Following the surprising decision in 2011 to overturn two lower court rulings by specialist judges in the HGS v Eli Lilly case, yesterday the Supreme Court ruled in Schütz v Werit: the five judges said that the first instance court and the Court of Appeal were both wrong – but the Court of Appeal was more wrong. The decision, on what constitutes “making” an invention, was overturned. With at least two more patent cases heading to the UK Supreme Court this year, does this bode ill for consistency and predictability in litigation?
It is the oft-voiced opinion of Chief Judge Rader of the US Court of Appeals for the Federal Circuit that supreme courts don’t understand IP and their meddling hinders innovation. (His view might be coloured by the numerous reversals the Federal Circuit has suffered at the hands of the US Supreme Court in recent years, though I’m sure he would deny that.) I know many European practitioners share similar views about the non-specialist judges at the Court of Justice of the EU: that’s why there has been so much fuss about keeping Luxembourg as far away from the unified patent court as possible.
The situation with the UK Supreme Court (left) is different in a couple of respects. First, the author of both opinions is Lord Neuberger (above), who used to be a patents judge and is respected for his specialist knowledge. Second, neither of the two decisions could be interpreted as the Supreme Court curbing the patent enthusiasm of the lower courts (as you might characterise the US Supreme Court-Federal Circuit tensions). In fact, in the HGS case, the five Supreme Court judges actually felt that the lower judges had been too strict in interpreting industrial application. And even though the Schütz case might limit some patent rights, I suspect most practitioners will welcome its common-sense approach.
But in the bigger picture there is clearly a feeling among some judges at the highest level that they need to rein in their IP-specialist inferiors, particularly the more eccentric opinions. Hence the concerns voiced in the US about the Federal Circuit becoming a so-called caste of priests, focused on the patent detail but not the overall policy.

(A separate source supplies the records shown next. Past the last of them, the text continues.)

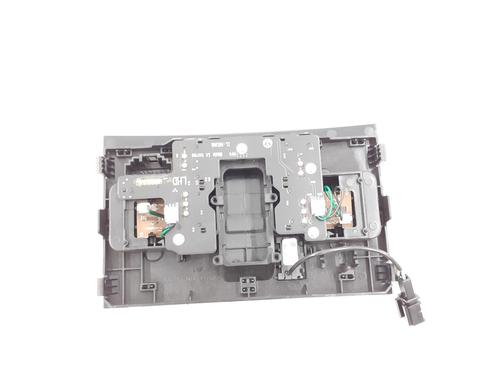 Interior roof light VW GOLF VII (5G1, BQ1, BE1, BE2) 2.0 GTD | BP24788496I8 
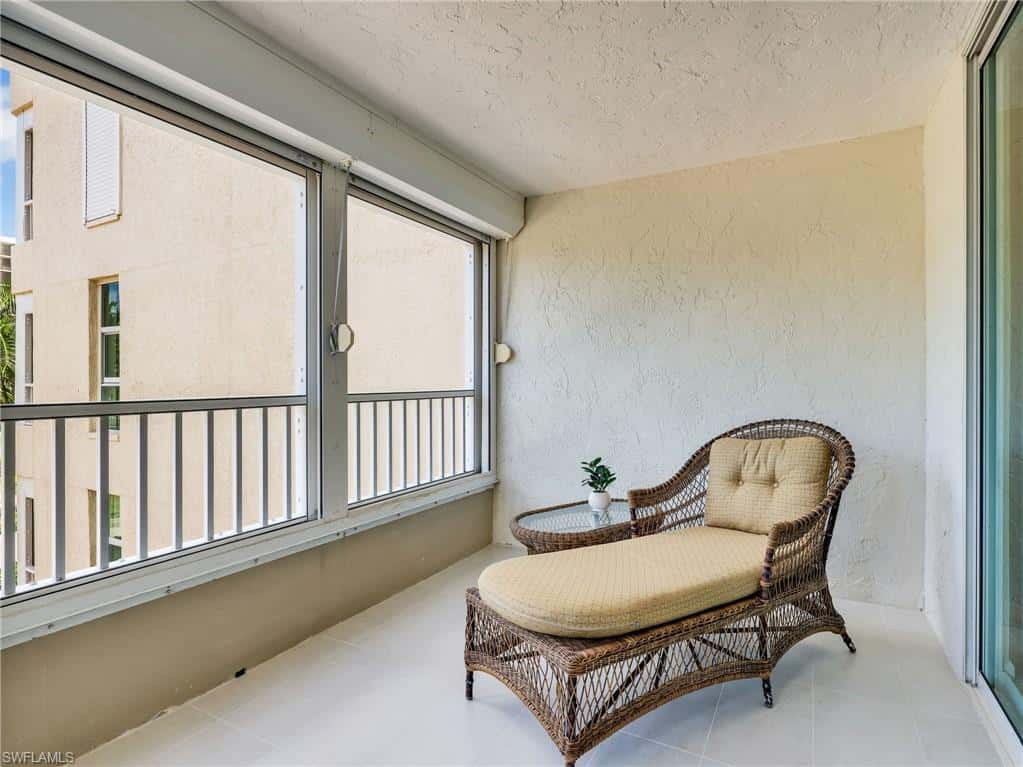 25 Bluebill Ave #204, Naples, photo 20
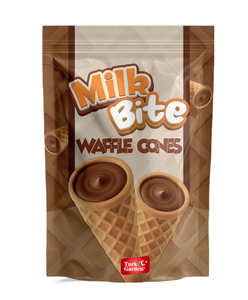 Bocaditos de Chocolate Sólido Rellenos Surtidos Premium - Delicias Dulces - Product Image 3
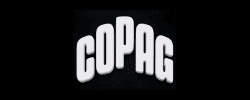 Copag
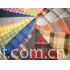sell T/R lady's PLAID fabric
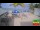 Webcam in Sandy Ground, 68.8 mi away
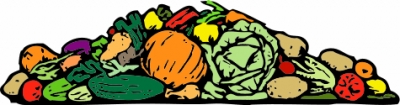 pile_of_vegetables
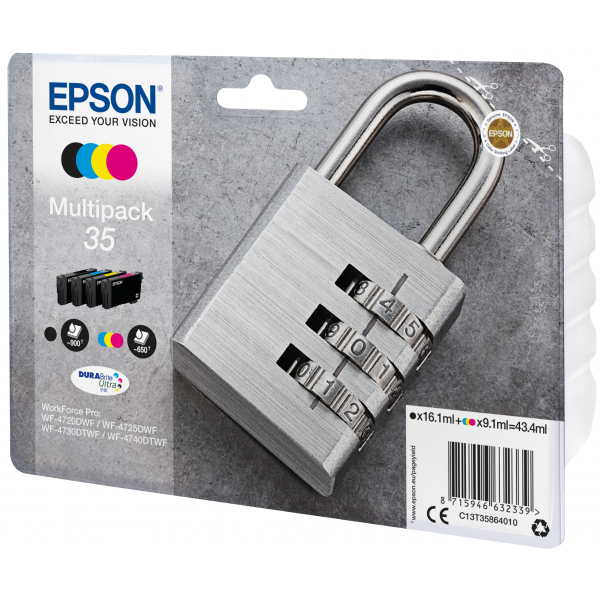 epson-ink-35-padlock-cmyk-2.jpg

In some cases supreme courts may even see patent-specialist judges as being like prison wardens who have spent a bit too much time with the unruly inmates – not just in court but socially and on the conference circuit too.
Given the recent record of Supreme Court reversals in both the US and UK, therefore, I think I would be just a little bit worried if I were defending the next case to come before either of them.